STEM Through Play: Meaningful Learning

 

Imagine groups of kids gathered around toy racing tracks and colorful mini cars. They’re building ramps, testing out which cars go farther and what makes them go faster. Girls and boys are engaged in the activities and shouting out the names of the cars or ideas for what to do next. Now imagine that in this process: they’re learning how to think and act like scientists. They’re making predictions, gathering data, displaying results, examining patterns, developing explanations based on scientific principles and presenting their results.The USC Rossier team had this vision when we started creating Speedometry, a free-to-use curriculum designed for fourth grade students that utilizes Hot Wheels toys to teach basic principles in science, technology, engineering and mathematics (STEM). The program is a result of a partnership between the USC Rossier School of Education and the Mattel Children’s Foundation.

The idea for Speedometry was sparked several years ago when I (Julie) had a discussion with a friend of mine who worked for Mattel at the time. As mothers of young boys who regularly played with Hot Wheels, we wondered how we could incorporate the toys our children play with (in combination with the professional work we did) to improve STEM learning through play.

How could we use the toys that our children have been playing with for years to create meaningful learning in and out of school?

After many meetings and generous support from the Mattel Foundation, we at USC Rossier put together a team — including faculty (with expertise in mathematics, science, assessment and teaching) and practicing classroom teachers — to co-develop several elementary school curricular units. Our faculty also worked with an expert in parent education to develop Family Engagement activities to accompany the curriculum, allowing family members to extend the STEM learning at home.

At USC Rossier, we knew it was important for educators to know that we developed the curricular units to align with Next Generation Science Standards and Common Core State Standards in both mathematics and English language arts. We wanted to use its foundation of the 5E instructional model. Once we drafted and revised the lessons, we pilot tested the curricular units in three schools, involving 18 teachers and 378 students, many of whom were English Language Learners (ELLs). In the pilot we randomly assigned approximately half of the teachers to implement Speedometry (treatment) and half to implement it several weeks later (delayed treatment), gathering data from the students and teachers in all classrooms.
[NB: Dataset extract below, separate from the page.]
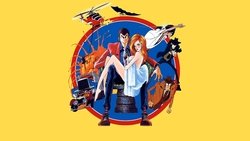 Lupin the Third: The Mystery of Mamo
What We Learned from Our Speedometry Pilot Program

We learned a lot from the pilot results. First, interviews and surveys with participating teachers and our observations of instruction identified areas in the curriculum that required clarification or greater scaffolding. In fact, we reconvened the original team of teachers and USC faculty to respond to this feedback and the revised, greatly improved curriculum is what you can find online. Second, the pilot test provided promising — albeit preliminary (remember, this is a small sample) — findings about the effects of Speedometry on kids and teachers. We found that fourth graders in the treatment group were more interested in STEM and displayed more positive emotions than those in the control group (as measured with pre and post surveys).

Fourth graders in the treatment classrooms learned more (i.e., this group showed significant gain between the pre- and post-test compared to the control group on a mathematics and science knowledge assessment consisting of multiple choice and open-ended questions). Most importantly, we found no difference in these effects between boys and girls.

We received positive feedback from participating teachers, who generally reported that the units aligned with their instructional goals. They found the 5E model to be very useful (“The Es are great!”), and said that they would use the units again in the future. They also reported that Speedometry promoted improvement in student engagement, motivation, interest and learning in math and science. It was also equally effective for all boys, girls and ELLs.

Finally — and we find this very encouraging — teachers reported that using Speedometry positively affected them in many ways, such as helped deepen their motivation to teach science inquiry skills. They also reported that they have plans to continue using the pedagogical strategies embedded in the curriculum. One fourth grade teacher explained, “I did like the elaboration and giving the kids space to kind of create their own experiments … I would do more of that in the future …You have to relinquish control for a little bit and let them make a mess and be okay that they are going to clean it up and they are not going to turn it into play time.”


Dr. Julie Marsh is an Associate Professor at the USC Rossier School of Education. Marsh specializes in research on policy implementation, educational reform, and accountability.

Robert Danielson is a PhD student at USC Rossier School of Education with a concentration in Educational Psychology.